What is the average income of a swing trader? ›

The average salary for a Swing trader is ₹1,00,000 in New Delhi, India.

Which timeframe is best for swing trading? ›

The best timeframe for swing trading includes 1-hour, 4-hour, and daily timeframes. Here's why: 1-hour charts: Short enough to give you intraday insights but long enough to help you spot broader swings. 4-hour charts: A balanced point of view for identifying short-term and medium-term trends.

Which stock is best for swing trading? ›

Best swing trade stocks – Updated April 2024
NameSub-SectorClose Price (Rs.)
ITC LtdFMCG – Tobacco435.65
Hindustan Aeronautics LtdAerospace & Defense Equipments3,939.35
Bajaj Auto LtdTwo Wheelers8,903.65
Bharat Electronics LtdElectronic Equipments233.75
1 more row
May 17, 2024

How to start swing trading for beginners? ›

How to swing trade stocks
  1. Open a live trading account. Open a live trading account to start swing trading stocks. ...
  2. Research markets using technical analysis. ...
  3. Choose an asset to swing trade. ...
  4. Use risk management conditions. ...
  5. Monitor your position. ...
  6. Exit trade.

Who is the most successful swing trader? ›

Paul Tudor Jones - Another famous swing trader is Paul Tudor Jones. Jones is a billionaire hedge fund manager who is known for his aggressive trading style. He is one of the most successful traders of all time, and he has a net worth of over $5 billion.

How much money is needed for swing trading? ›

One can start with Rs. 5000, or 50,000 or 5,00,000 depending on your budget. A trader should have enough capital to cover the price of a security.

How many stocks should a swing trader have? ›

For SwingTrader performance, we use a model portfolio. To keep things simple, eight full positions of equal weight put us at 100% invested. It's a number suggested by IBD Founder William J. O'Neil in his book "How To Make Money In Stocks." That means a full position starts out at 12.5%.

What is the 2 1 trading rule? ›

A positive reward:risk ratio such as 2:1 would dictate that your potential profit is larger than any potential loss, meaning that even if you suffer a losing trade, you only need one winning trade to make you a net profit.

What is the 3 1 rule in trading? ›

To increase your chances of profitability, you want to trade when you have the potential to make 3 times more than you are risking. If you give yourself a 3:1 reward-to-risk ratio, you have a significantly greater chance of ending up profitable in the long run.

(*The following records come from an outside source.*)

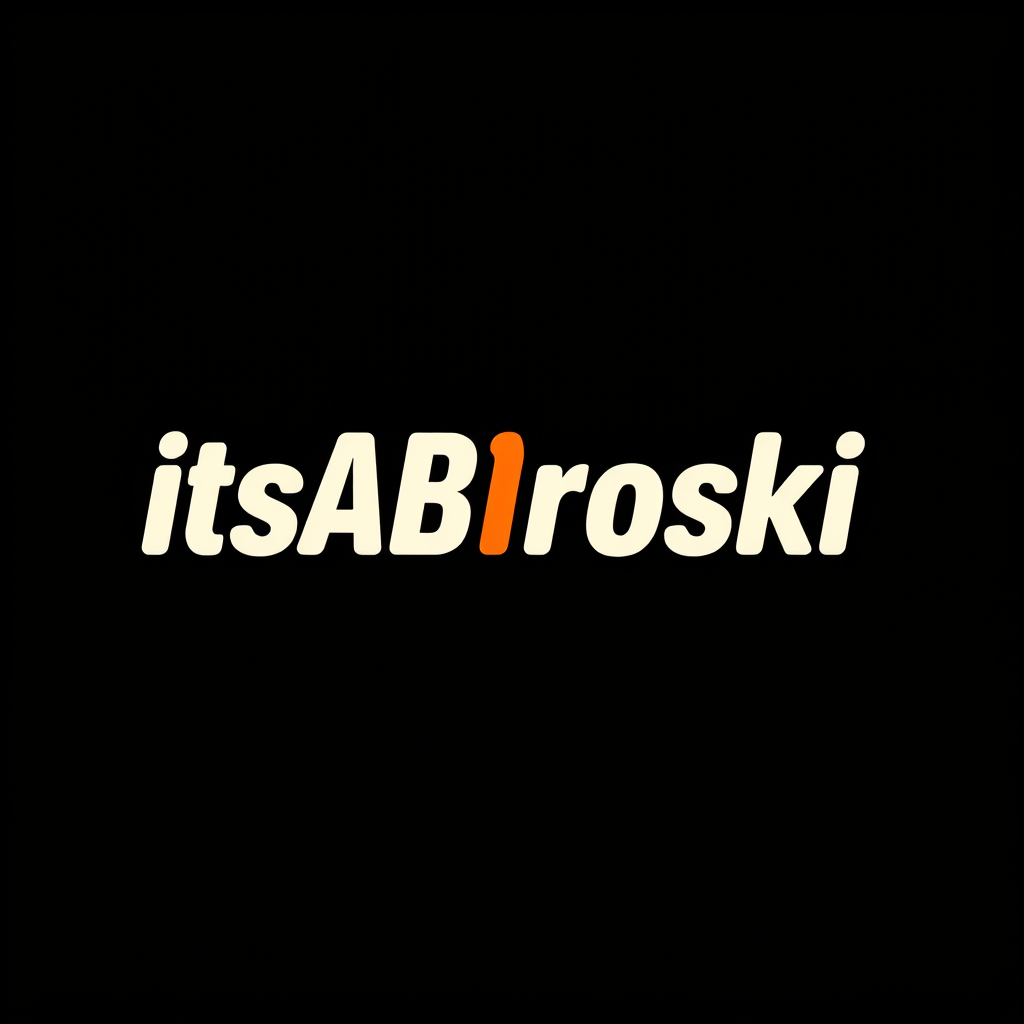 Main logo studio: Create a modern minimalist logo for a content creator brand called “ItsABroski”. Chill, friendly, funny and cool personality. Bold rounded typography,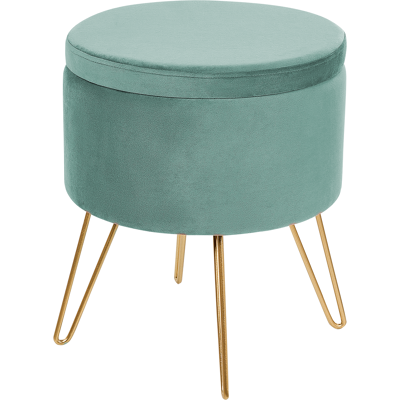 BELIANI Puf De Terciopelo Verde Menta 37 Cm Reposapiés Otomana Almacenaje Silas BELIANI Puf De Terciopelo Verde Menta 37 Cm Reposapiés Otomana Almacenaje Silas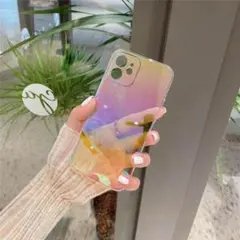 オーロラ iphone13miniケース　PC スマホケース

What is No 1 rule of trading? ›

Rule 1: Always Use a Trading Plan

You need a trading plan because it can assist you with making coherent trading decisions and define the boundaries of your optimal trade.

What is the key to swing trading? ›

This swing trading strategy requires that you identify a stock that's displaying a strong trend and is trading within a channel. If you have plotted a channel around a bearish trend on a stock chart, you would consider opening a sell position when the price bounces down off the top line of the channel.